I do not remember the first time I said “I love you” to my parents, nor my sisters, nor the first boy I fell for. I do not remember the first time a friend, family member, nor past boyfriend told me “I love you.” What I do remember is the very first time Brian said those three simple words . . . “I love you.”
Growing up, I loved the idea of love. I loved feeling loved by others and I loved loving others. I like to think it is because I am a romantic at heart and always longed to have that “once in a lifetime” kind of love. As a teenager I gave my heart too easily to others and though I do wish I would have used the “I love you” phrase a lot less as a teenager and young adult, I do not think loving others is something someone should ever hold back (it’s what the Bible tells us to do)! Loving someone is nothing but the most selfless and special gift you could ever give away of yourself.

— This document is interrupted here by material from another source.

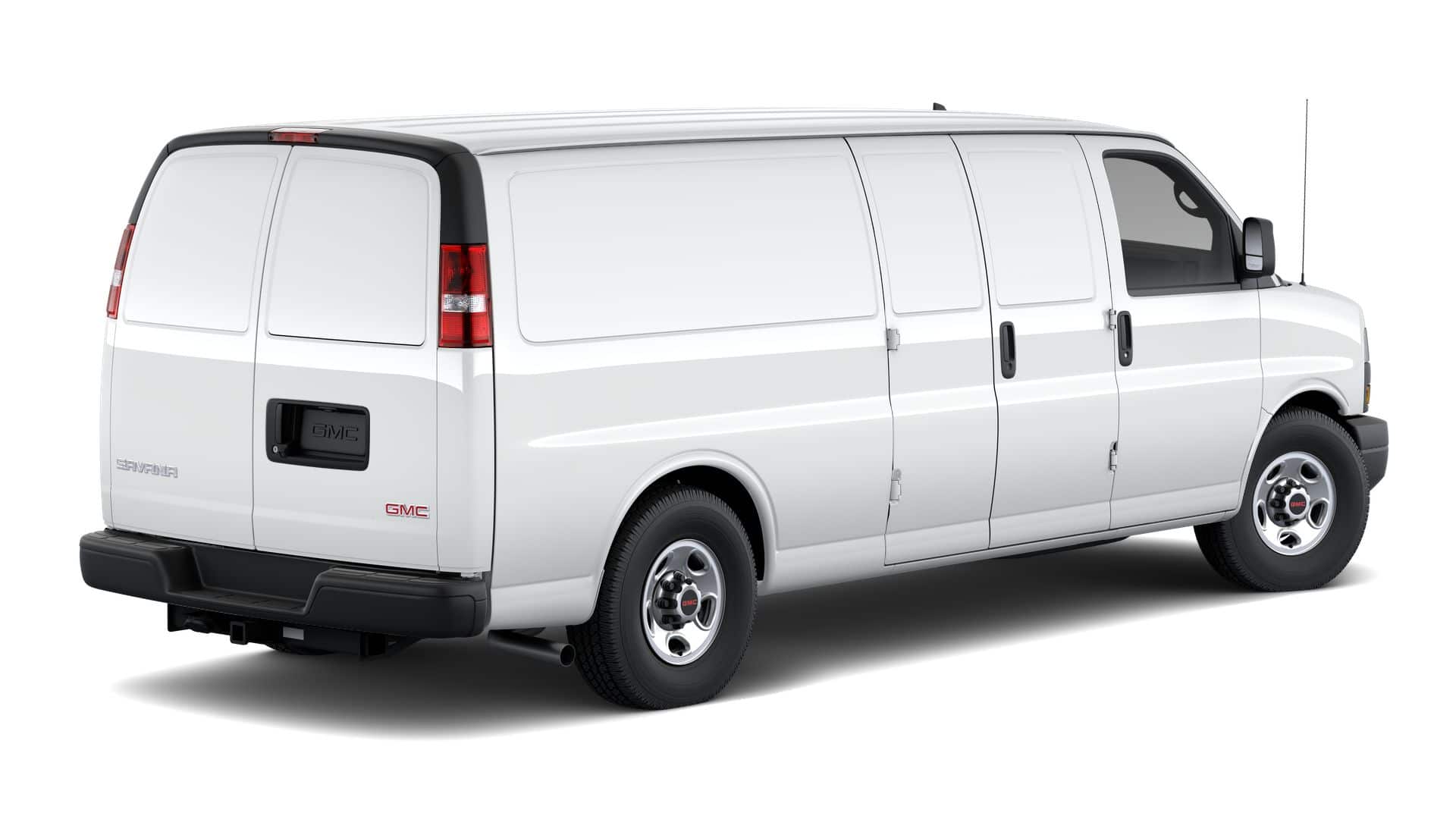 2025 GMC Savana Cargo 3500 Base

Because of what I knew of my past and how badly I wanted to treat my dating relationship with Brian, we individually chose to withhold those three simple words. We never spoke about waiting “until the right moment” nor did we ever discuss when it would be “okay” to say “I love you.” What I did know early on in our relationship was that Brian did love me; he did not have to tell me. And when I ask him, he says he knew I loved him all along too. Our actions easily displayed our love for one another; no words were needed. Now I am not saying we were not believers in the cliche “I love you” phrase (it is my favorite thing to say!); we instead were believers in keeping that phrase quiet until the moment in our relationship we knew loving one another would be forever.

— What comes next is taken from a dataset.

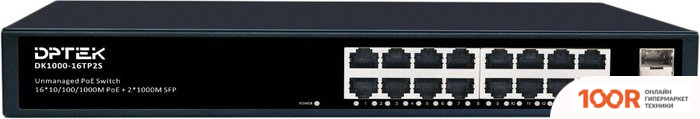 DPTEK DK1000-16TP2S (354967)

That moment occurred on July 2, 2013 when Brian got down on one knee and in the same sentence asked me to be his wife. After almost a year of getting to know one another quickly becoming best friends, and another six months of dating I finally heard the three words I had always longed to hear from my future husband. AND I finally said them back through the happiest and heaviest tears!
I. Love. You.
Fast forward almost four years later and those three words still mean just as much to me as they did on the day we got engaged. I tell Brian “I love you” more than any phrase I use on a daily basis because simply put, I love him.

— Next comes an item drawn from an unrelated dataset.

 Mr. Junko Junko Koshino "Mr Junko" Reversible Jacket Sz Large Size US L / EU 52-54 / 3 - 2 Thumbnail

When it comes time to tell that special someone “I love you,” it is my hope that you display that with your heart one hundred percent and to never use those three simple words lightly, especially when said in a romantic relationship. Save them for the one you know will be your “forever.” And when you do love the one for you, I truly believe you can never say it enough! If you mean those words whole heartedly, the individual receiving them will not feel loved too much (it’s not possible)!
While Brian listens to the new Beauty and the Beast soundtrack (yes, he is listening to it on his own hehehe) I will remind him just like I did an hour ago, “Hun, I love you so much.”